The organizers made an admirable effort to serve us savory lunches which we ate in one of JCVIs cafeterias. All our teachers attended lunch and sat among us, meaning that I was able to easily batter them with questions. Alex Richter, one of the program heads, was great about answering my questions in detail. Thanks to his anecdotes, I got a much better impression of what microbiology labs will be doing in the coming years and the tools I will likely need to master as a potential microbiology PhD student. Before attending the training I had wondered if I would be able to understand JCVI’s sequencing technology without a background in computer science. But Richter didn’t seem to think that my lack of computer training is an issue and it’s true that I certainly seemed able to follow the discussions in class. I was encouraged by Richter’s comment that someone good at scientific reasoning (such as, ahem, myself) is also likely to be good at working systematically with computer programs. I’m sure he’s right, but even so I won’t be contributing to the Linux codebase any time soon.

It felt pretty darn good to be in a place where I personally believe that government funding is going towards research that is really going to have an impact on our ability to better understand chronic disease. As the Marshall Pathogenesis continues to spread, it’s clear that bacteria will eventually receive all the scrutiny they are due. At that point, scientists, doctors and patients alike are going to demand a more thorough understanding of bacteria implicated in chronic disease and down to the level of the genome.
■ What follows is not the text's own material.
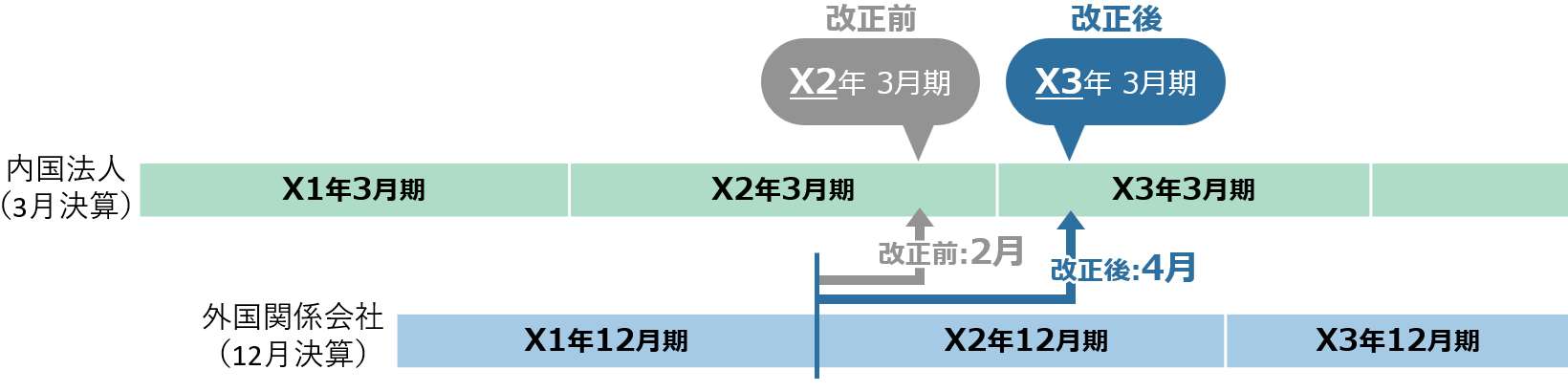 内国法人が3月決算、その内国法人に係る外国関係会社が12月決算である場合のイメージ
It’s great that JCVI is already starting to collect data on never before sequenced bacteria. It’s also good that the Institute is striving to perfect bacterial sequencing technology now, so that by the time the Marshall Pathogenesis gains hold, sequencing results should not only be more accurate but also easier to use. Just as our ability to sequence genes has improved exponentially, so, I believe, will our ability to interpret the data. The tools are just getting better and better. As someone who has the inside scoop about the fact that bacteria are headed for the big time, I feel we’re closer than ever to characterizing the genomes of the pathogens that are capable of making us so ill.